*Exercise aim*: For the entries below, copy exactly the line that contains "Zach Sage Fox speaks to protest crowd" through the line that contains "Eifel-Urlaub: Insidertipps aus", both ends included, and exclude all pictures.

*Information given*:
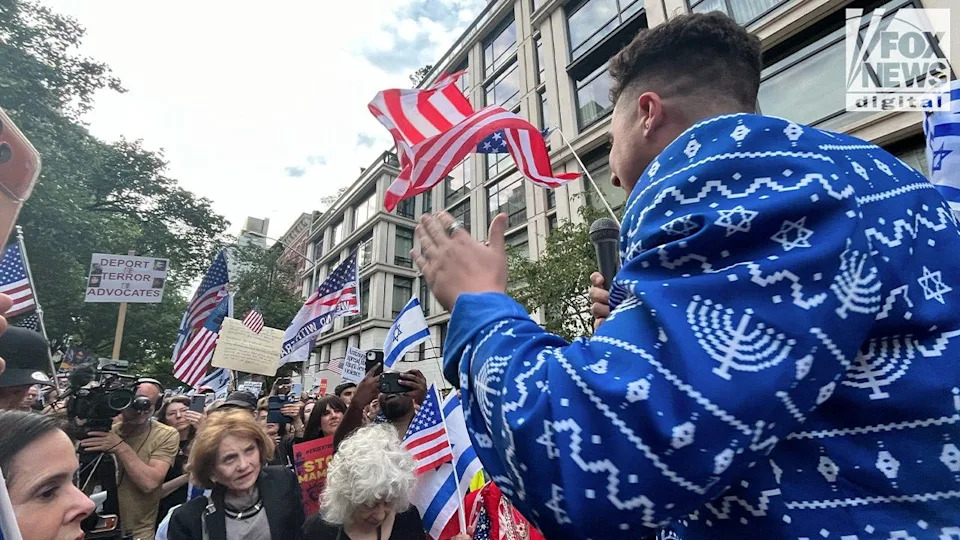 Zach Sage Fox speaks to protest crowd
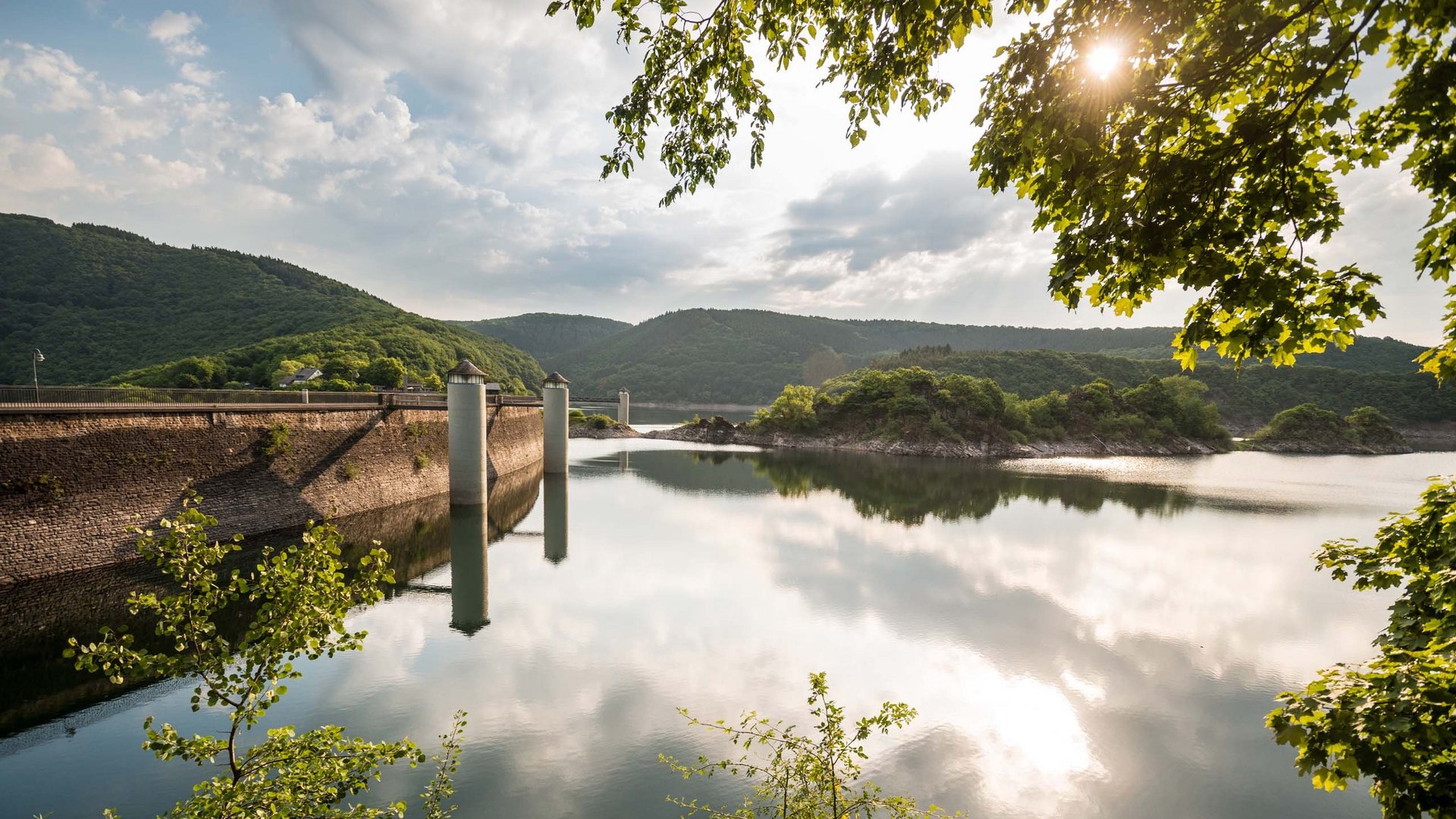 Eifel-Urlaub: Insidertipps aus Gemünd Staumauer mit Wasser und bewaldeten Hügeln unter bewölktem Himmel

...

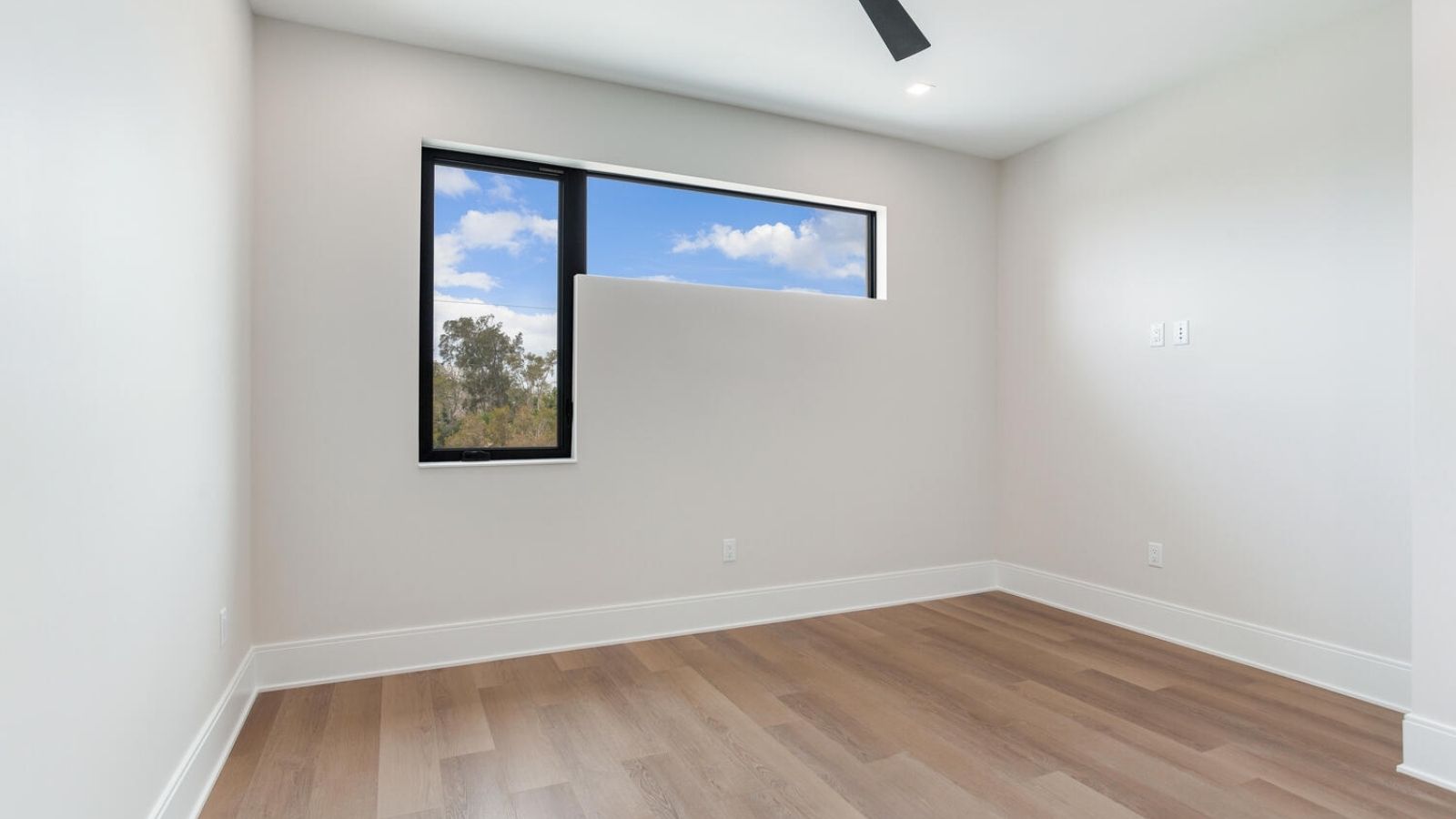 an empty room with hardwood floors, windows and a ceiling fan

*Problem solution*:
 Zach Sage Fox speaks to protest crowd
 Eifel-Urlaub: Insidertipps aus Gemünd Staumauer mit Wasser und bewaldeten Hügeln unter bewölktem Himmel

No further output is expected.